Fermi Sees a Nova
NASA's Fermi Gamma-ray Space Telescope has detected gamma-rays from a nova for the first time. The finding stunned observers and theorists alike because it overturns a long-standing notion that novae explosions lack the power for such high-energy emissions.
In March, Fermi's Large Area Telescope (LAT) detected gamma rays — the most energetic form of light - from the nova for 15 days. Scientists believe that the emission arose as a million-mile-per-hour shock wave raced from the site of the explosion. A nova is a sudden, short-lived brightening of an otherwise inconspicuous star. The outburst occurs when a white dwarf in a binary system erupts in an enormous thermonuclear explosion.

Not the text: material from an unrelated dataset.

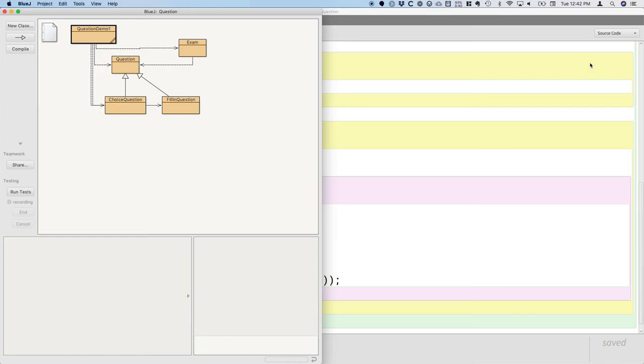That's the power of polymorphism is that you can at some later point in time create this other class. In fact, even if you didn't have access to the exam class anymore, let's say it was in a different Java package written by a different company, you could still create more subclasses of the question class and it would still work with this exam class that hasn't even been recompiled in years. That's the power of polymorphism. So that's what this example gives us a simple illustration of.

"In human terms, this was an immensely powerful eruption, equivalent to about 1,000 times the energy emitted by the sun every year," said Elizabeth Hays, a Fermi deputy project scientist at NASA's Goddard Space Flight Center in Greenbelt, Md. "But compared to other cosmic events Fermi sees, it was quite modest. We're amazed that Fermi detected it so strongly." More information here.
Watch V407 Cyg go nova! In this animation, gamma rays (magenta) arise when accelerated particles in the explosion's shock wave crash into the red giant's stellar wind.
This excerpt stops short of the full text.